Attorney General William Barr’s Congressional Testimony Today

Attorney General William Barr’s Congressional Testimony Today May 1, 2019

Attorney General William Barr testified today in a public hearing before the Senate Judiciary Committee about the Special Counsel Robert Mueller’s report on his Russian probe and possible collusion by the Trump campaign during the 2016 election. This committee is chaired by Senator Lindsey Graham (R-SC),, President Donald Trump’s closest friend and supporter in the Senate. Early in Graham’s opening remarks he said, “The president never did anything to stop Mueller from doing his job.”

I think that is a lie. The most important feature of the Mueller investigation was his repeated request to the president that he be investigated in person by the Mueller team. President Trump refused.
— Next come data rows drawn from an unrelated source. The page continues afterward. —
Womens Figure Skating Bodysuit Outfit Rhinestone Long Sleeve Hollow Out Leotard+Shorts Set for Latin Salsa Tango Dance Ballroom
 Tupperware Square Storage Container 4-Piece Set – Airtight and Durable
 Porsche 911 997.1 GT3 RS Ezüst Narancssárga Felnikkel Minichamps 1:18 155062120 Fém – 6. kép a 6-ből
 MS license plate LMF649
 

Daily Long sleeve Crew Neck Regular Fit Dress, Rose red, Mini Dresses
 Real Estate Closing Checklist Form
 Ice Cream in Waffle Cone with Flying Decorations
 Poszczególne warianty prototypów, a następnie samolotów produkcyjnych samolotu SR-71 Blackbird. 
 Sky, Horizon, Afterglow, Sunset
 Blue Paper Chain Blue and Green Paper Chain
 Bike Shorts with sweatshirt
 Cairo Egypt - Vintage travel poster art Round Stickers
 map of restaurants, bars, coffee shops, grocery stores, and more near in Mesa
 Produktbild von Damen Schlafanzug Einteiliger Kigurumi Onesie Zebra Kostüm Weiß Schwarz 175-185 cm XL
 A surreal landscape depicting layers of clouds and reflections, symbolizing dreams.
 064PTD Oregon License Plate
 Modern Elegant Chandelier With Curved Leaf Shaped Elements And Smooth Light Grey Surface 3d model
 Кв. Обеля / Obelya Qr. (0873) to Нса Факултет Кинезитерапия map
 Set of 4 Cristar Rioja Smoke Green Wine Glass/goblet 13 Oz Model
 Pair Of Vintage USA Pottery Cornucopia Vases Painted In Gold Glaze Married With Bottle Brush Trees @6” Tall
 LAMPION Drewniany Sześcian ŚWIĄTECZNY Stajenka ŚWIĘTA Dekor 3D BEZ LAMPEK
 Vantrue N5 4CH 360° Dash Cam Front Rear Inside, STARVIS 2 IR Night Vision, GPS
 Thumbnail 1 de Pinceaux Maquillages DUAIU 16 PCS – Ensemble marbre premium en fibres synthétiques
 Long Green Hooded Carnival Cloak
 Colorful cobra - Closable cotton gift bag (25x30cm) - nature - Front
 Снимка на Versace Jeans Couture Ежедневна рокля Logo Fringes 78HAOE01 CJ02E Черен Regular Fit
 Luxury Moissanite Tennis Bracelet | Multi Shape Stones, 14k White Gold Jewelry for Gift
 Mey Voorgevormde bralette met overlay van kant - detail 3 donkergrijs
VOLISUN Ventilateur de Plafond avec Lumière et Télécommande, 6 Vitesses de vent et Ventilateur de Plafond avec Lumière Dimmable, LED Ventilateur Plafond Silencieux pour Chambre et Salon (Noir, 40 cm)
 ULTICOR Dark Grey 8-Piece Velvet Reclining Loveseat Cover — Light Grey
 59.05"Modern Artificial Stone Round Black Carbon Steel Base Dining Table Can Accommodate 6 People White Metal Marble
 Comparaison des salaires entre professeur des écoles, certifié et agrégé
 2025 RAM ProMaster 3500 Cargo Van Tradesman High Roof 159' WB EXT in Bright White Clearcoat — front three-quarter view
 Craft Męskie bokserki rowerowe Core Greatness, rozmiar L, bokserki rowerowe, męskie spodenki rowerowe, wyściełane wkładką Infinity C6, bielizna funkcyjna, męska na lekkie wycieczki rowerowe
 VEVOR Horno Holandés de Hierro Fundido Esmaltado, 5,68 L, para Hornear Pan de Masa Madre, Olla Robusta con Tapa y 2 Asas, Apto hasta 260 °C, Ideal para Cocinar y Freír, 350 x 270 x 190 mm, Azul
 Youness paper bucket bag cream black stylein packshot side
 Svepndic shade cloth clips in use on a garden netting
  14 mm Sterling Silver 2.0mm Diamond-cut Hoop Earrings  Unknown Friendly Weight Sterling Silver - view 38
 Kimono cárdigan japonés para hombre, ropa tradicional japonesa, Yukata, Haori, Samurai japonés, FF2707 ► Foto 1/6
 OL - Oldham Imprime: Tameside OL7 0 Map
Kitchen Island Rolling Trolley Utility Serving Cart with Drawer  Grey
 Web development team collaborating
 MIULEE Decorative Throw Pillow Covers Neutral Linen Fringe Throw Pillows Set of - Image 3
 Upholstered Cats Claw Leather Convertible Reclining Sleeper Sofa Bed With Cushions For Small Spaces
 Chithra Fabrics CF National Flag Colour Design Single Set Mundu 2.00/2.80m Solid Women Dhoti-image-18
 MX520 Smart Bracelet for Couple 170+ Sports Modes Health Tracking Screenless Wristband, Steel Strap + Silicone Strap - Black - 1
He only succumbed to answering written questions submitted by Mueller’s team. But the president answered 37 times that he did not recall or remember. Mueller concluded in his report that this process was inadequate.

Although I have not read the Mueller report of 448 pages, people who have read it say that on page one, Mueller explains effectively that his hands were tied in making the customary conclusion of an investigation, which is whether or a crime was committed. The main crime considered in the report is whether or not Donald Trump and/or any of his team committed conspiracy, not collusion, with the Russians and whether or not the president himself obstructed justice regarding Mueller’s investigation.

How were written questions to the president inadequate? Mueller has been criticized, including by AG Barr, that he did not come to a conclusion about whether or not the president committed obstruction of justice. But Mueller explains in the report that for him to do so, and make a prosecutorial judgment by proving it “beyond a reasonable doubt,” as would be required, he needed to question the president in person in order to determine Trump’s motives in certain instances in which he may have obstructed justice. Mueller laid out in the report about a dozen incidences in which Trump may have obstructed justice. In so refusing a personal interview, Trump certainly did hinder Mueller’s investigation and thus “stop Mueller from doing his job.”

The report says Trump told his White House lawyer Don McGahn to fire special counsel Mueller, and McGahn refused to do so. When this leaked out and was reported by the media, the report says Trump then told McGahn to issue a statement denying that Trump told him to fire Mueller, thus to lie. Again, McGahn refused. Did Trump thereby obstruct justice. The legal definition of obstruction of justice involves not just doing it but attempting to do so. Thus, it is a criminal act to attempt to obstruct justice.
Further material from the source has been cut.